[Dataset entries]
——

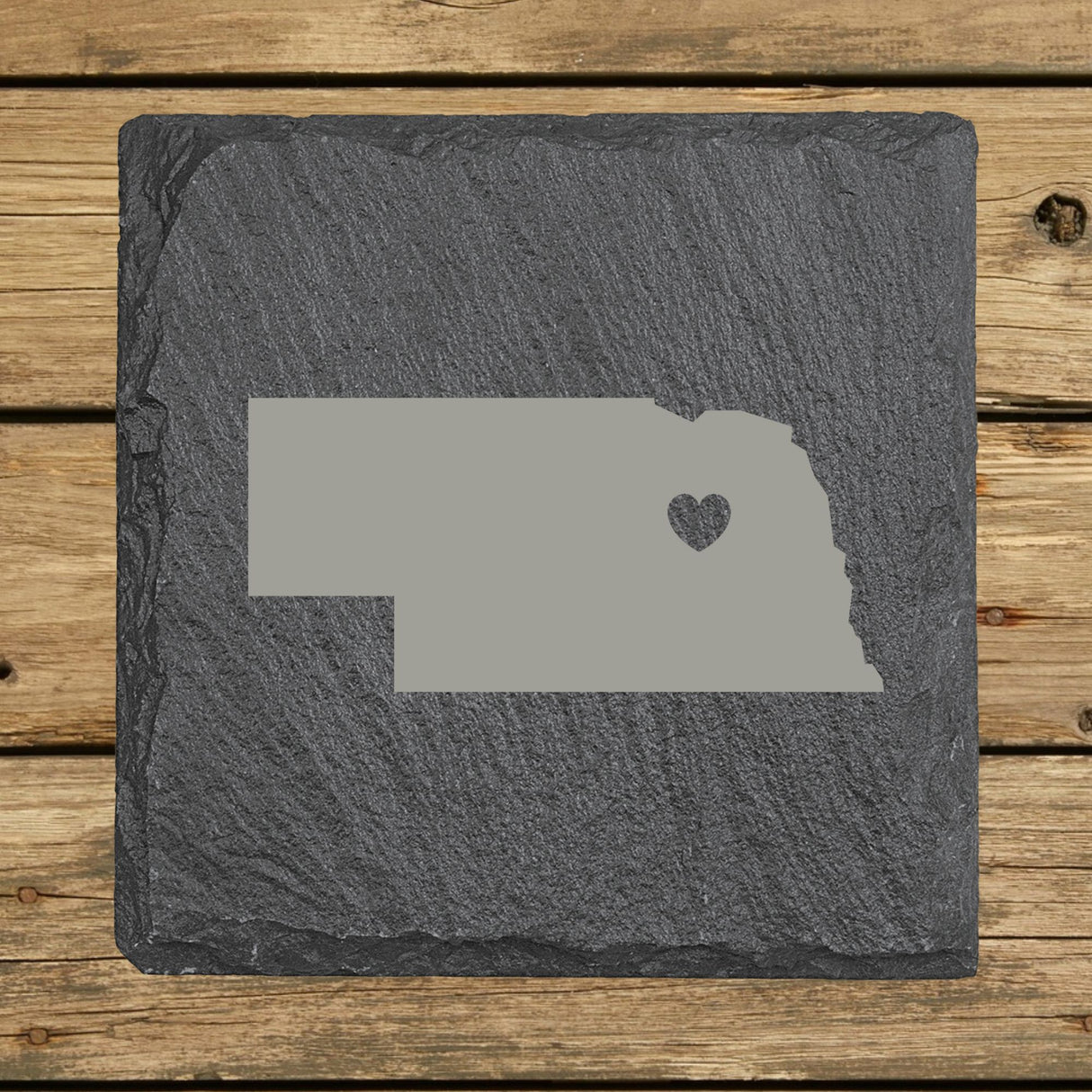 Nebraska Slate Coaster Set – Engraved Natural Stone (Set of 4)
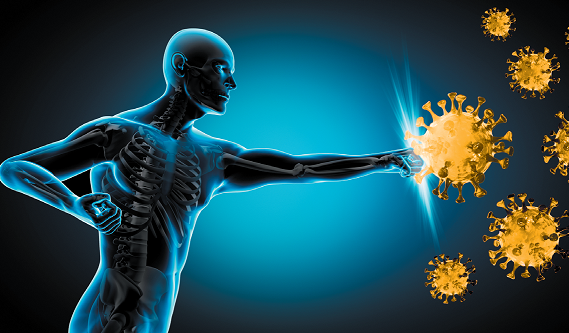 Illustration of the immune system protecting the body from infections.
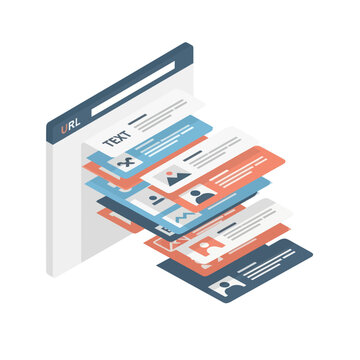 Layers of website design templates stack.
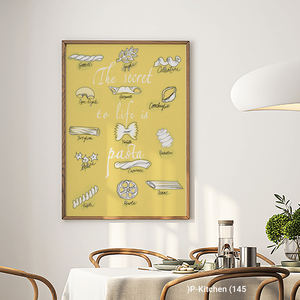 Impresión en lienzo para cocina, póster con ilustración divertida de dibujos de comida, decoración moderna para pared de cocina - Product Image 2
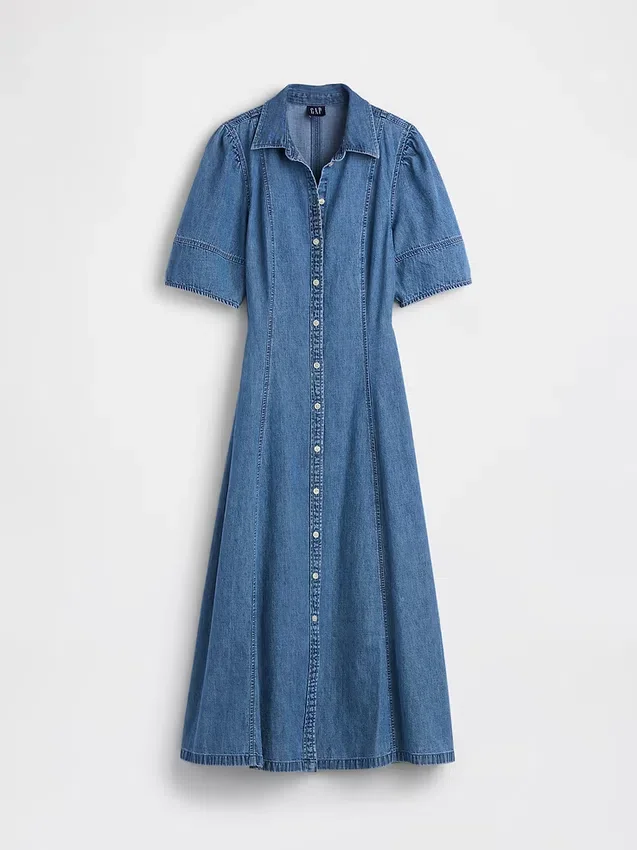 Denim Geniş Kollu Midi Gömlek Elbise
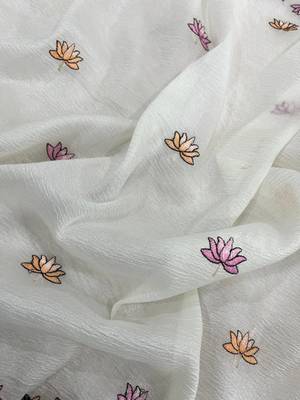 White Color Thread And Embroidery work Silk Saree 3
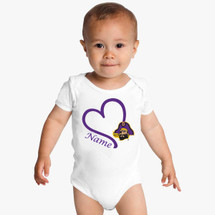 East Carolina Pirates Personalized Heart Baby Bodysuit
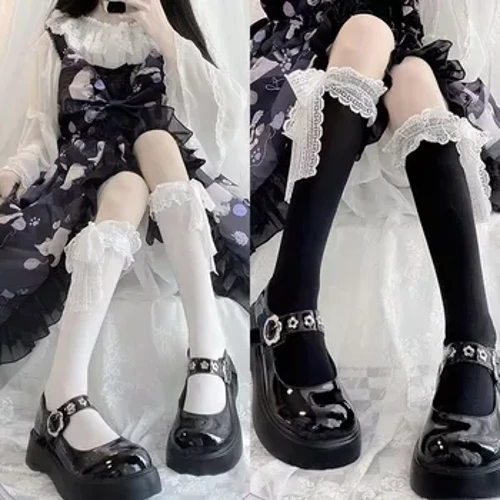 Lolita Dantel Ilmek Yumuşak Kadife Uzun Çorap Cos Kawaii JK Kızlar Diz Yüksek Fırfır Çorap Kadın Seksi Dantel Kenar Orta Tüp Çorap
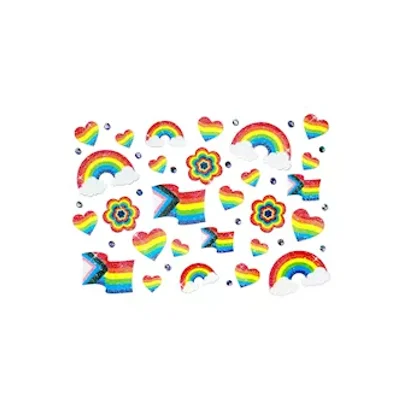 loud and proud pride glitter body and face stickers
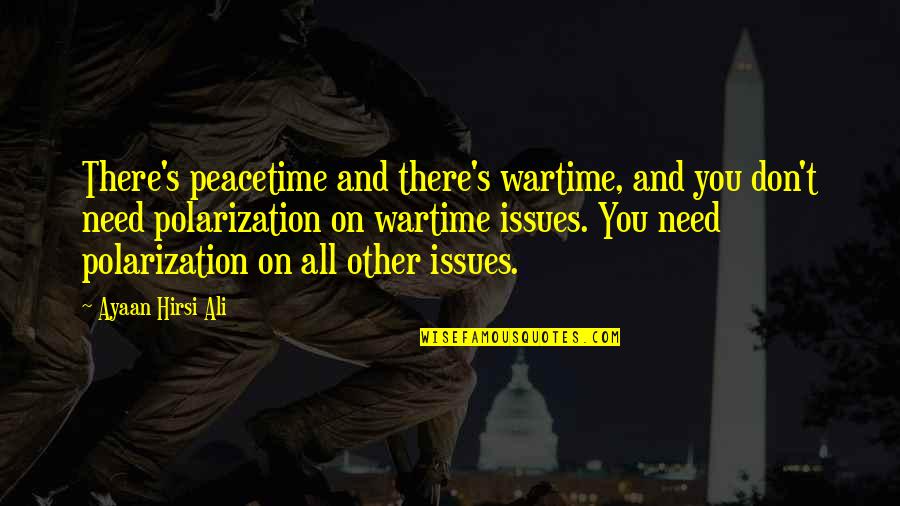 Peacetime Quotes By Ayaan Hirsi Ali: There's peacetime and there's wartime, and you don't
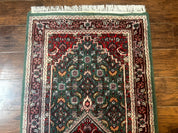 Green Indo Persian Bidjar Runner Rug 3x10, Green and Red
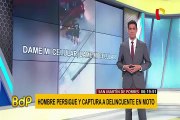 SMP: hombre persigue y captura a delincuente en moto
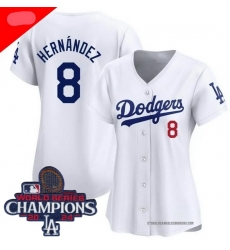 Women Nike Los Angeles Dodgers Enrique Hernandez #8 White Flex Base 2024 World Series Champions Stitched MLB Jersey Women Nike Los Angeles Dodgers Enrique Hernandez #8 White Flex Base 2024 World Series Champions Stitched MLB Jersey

——

_Work instruction:_
Going by the data above, the answer is exactly the lines from the one holding "Impresión en lienzo" to the one holding "East Carolina Pirates", both kept, with the pictures left out.

_Output:_
 Impresión en lienzo para cocina, póster con ilustración divertida de dibujos de comida, decoración moderna para pared de cocina - Product Image 2
 Denim Geniş Kollu Midi Gömlek Elbise
 White Color Thread And Embroidery work Silk Saree 3
 East Carolina Pirates Personalized Heart Baby Bodysuit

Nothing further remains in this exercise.